By Fernanda Trave
Are we supposed to be teaching inclusion to our students? I believe we are not because Inclusion is not a subject to teach, it has no way of being assessed, it is not something we study for: Inclusion is a mindset! But how do we promote this in students as young as 3 and as old as 18? Modeling! With our actions, words, decisions, and activities we promote the type of mindset we want our children to develop. Stop, think, and ask yourself, are your words and actions an example of tolerance, respect, and kindness? We are all investing millions in the world’s future by the example we are giving to the world with our actions.

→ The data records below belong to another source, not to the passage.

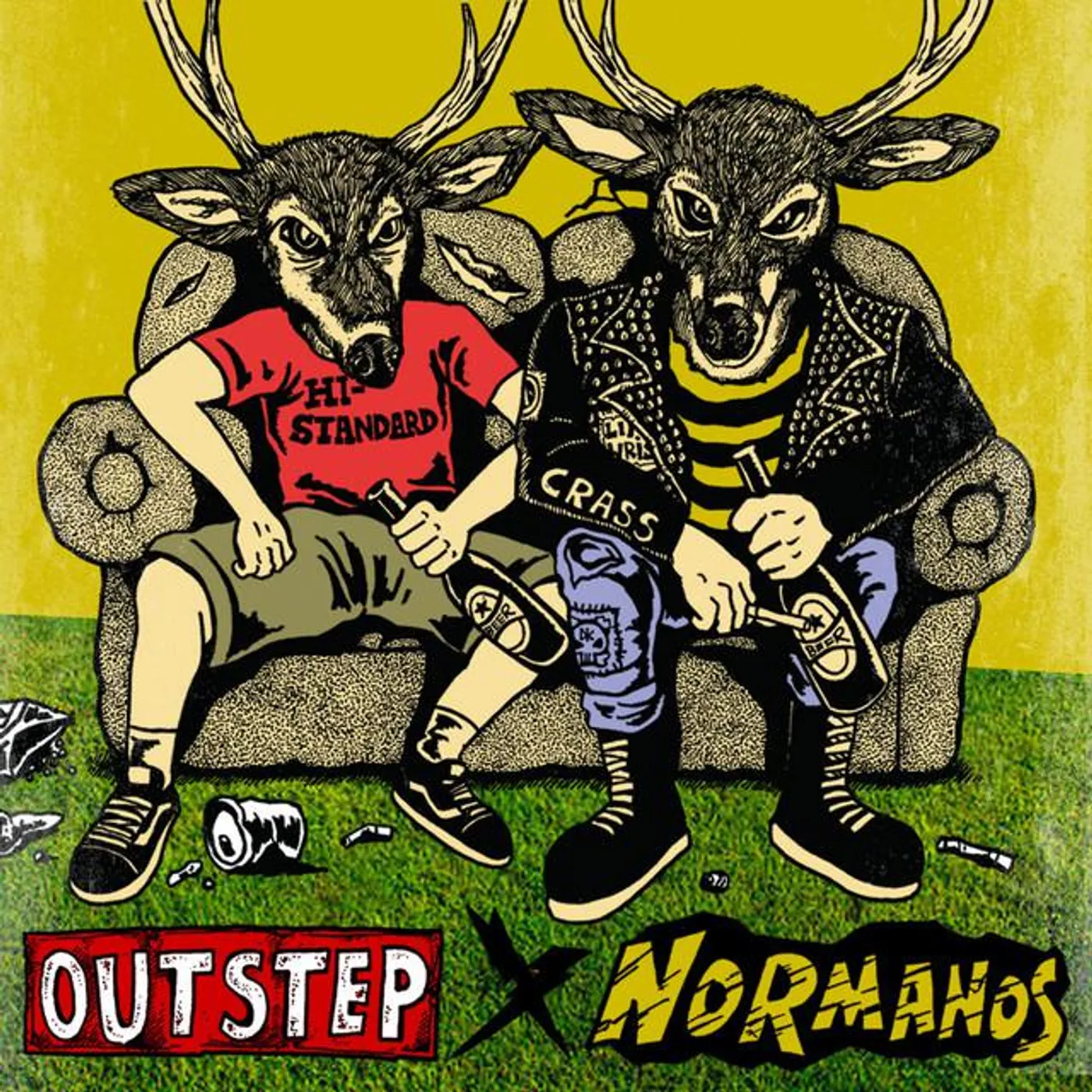 Normanos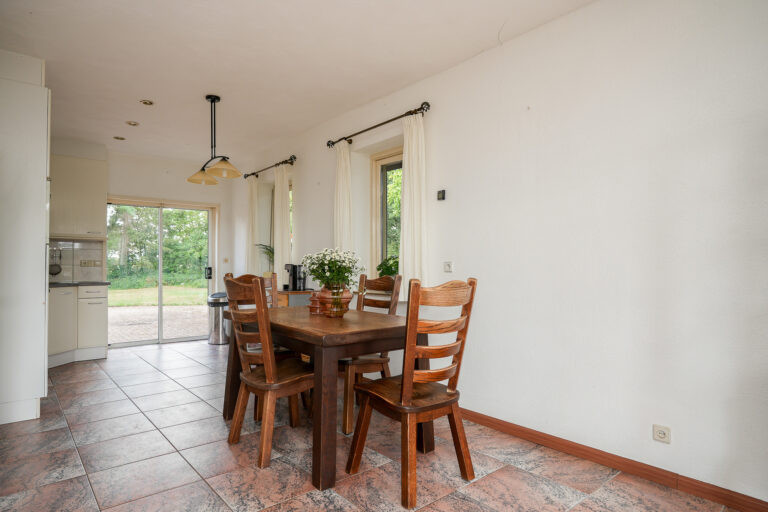 Vrijstaande woning te koop: Wellseindsestraat 11, Well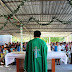 “Panchito” Torres concluirá la techumbre de la capilla de Nuestra Señora de los Ángeles 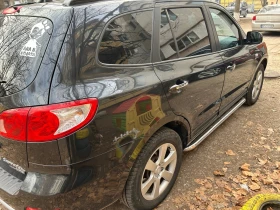 Hyundai Santa fe 2.2 Crdi GLS 150.. | Mobile.bg    3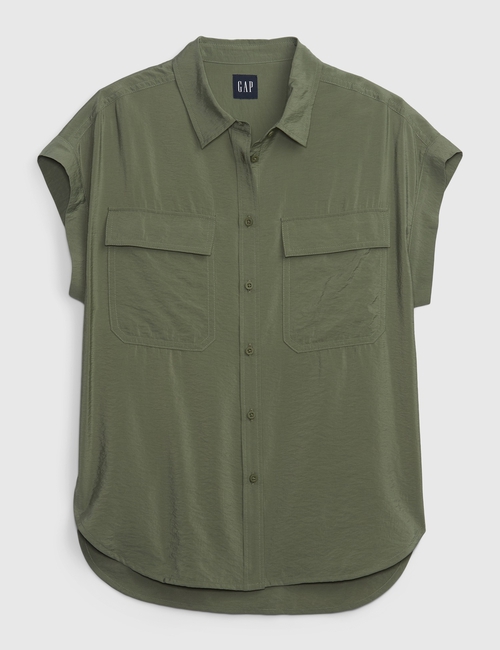 Utility Shirt
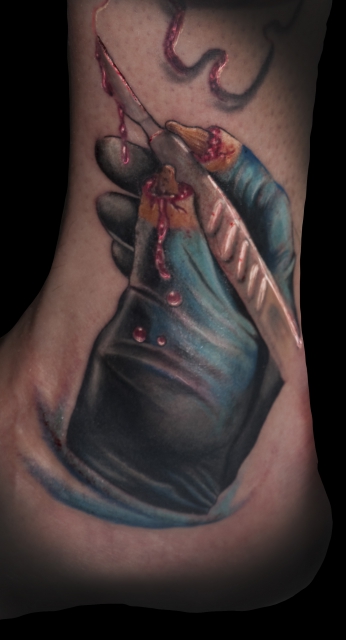 Hand By  SoFat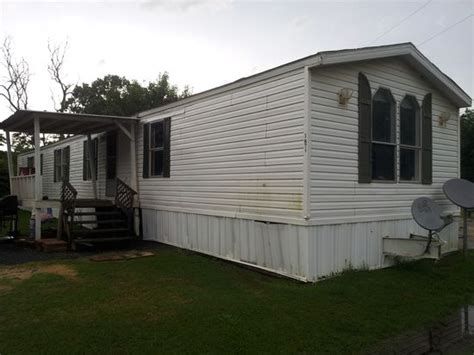 mobile home review home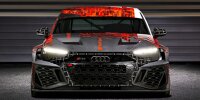 2. Generation Audi RS 3 LMS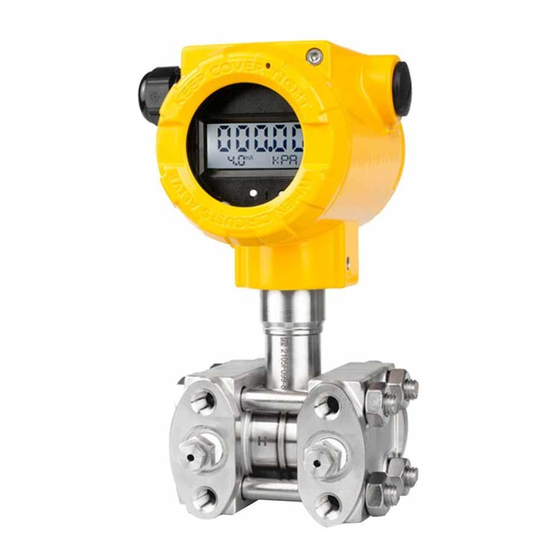 Aplisens APCE-2000G User Manual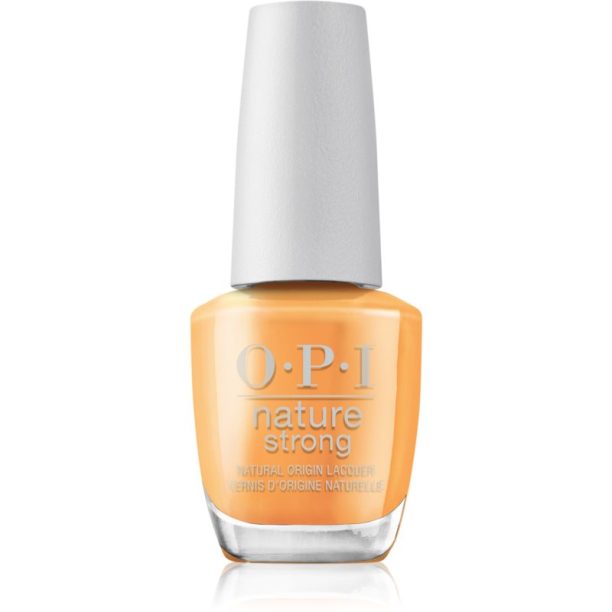 OPI Nature Strong лак за нокти Bee the Change 15 мл. на ниска цена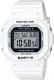 Часы наручные женские Casio BGD-5650-7E -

Students are our main target because they are starting to develop their social-emotional skills and values. At ASFM, we have the amazing privilege to work as a community to promote this mindset through our everyday behavior and interactions where students are the main audience. Since nursery, they are forming opinions and living experiences that will mold their mindset. How can we make sure they choose a mindset of inclusion without imposing a way of thinking? Children have the right to make their own judgments and opinions. Just like our inclusion motto says, “we are all different, but we are all special”. So, can we have different opinions, dislike some things, and cherish others? Of course! Children can dislike some things as much as they like others. The key-value in all of this that requires modeling, is tolerance and respect.
Tolerance is defined as “the quality of being willing to accept or tolerate somebody/something, especially opinions or behavior that you may not agree with, or people who are not like you”. Respect comes with many different definitions. I am not referring to that which says, respect means honoring someone, you do not have to honor anyone, but yes, we should “refrain from interfering with”, that is the definition of respect we need; understanding that even though we do not like something we need to respect it instead of interfering with it verbally or physically. When children practice these two values, they are developing a mindset of inclusion, where, despite their opinions, they can remain true to themselves, without the need to harm the other. A community where its members share this mindset becomes a diverse and more prepared community, one that is ready to welcome anyone, having as a consequence the gift of knowledge, where different individual ideas come together to create a better whole.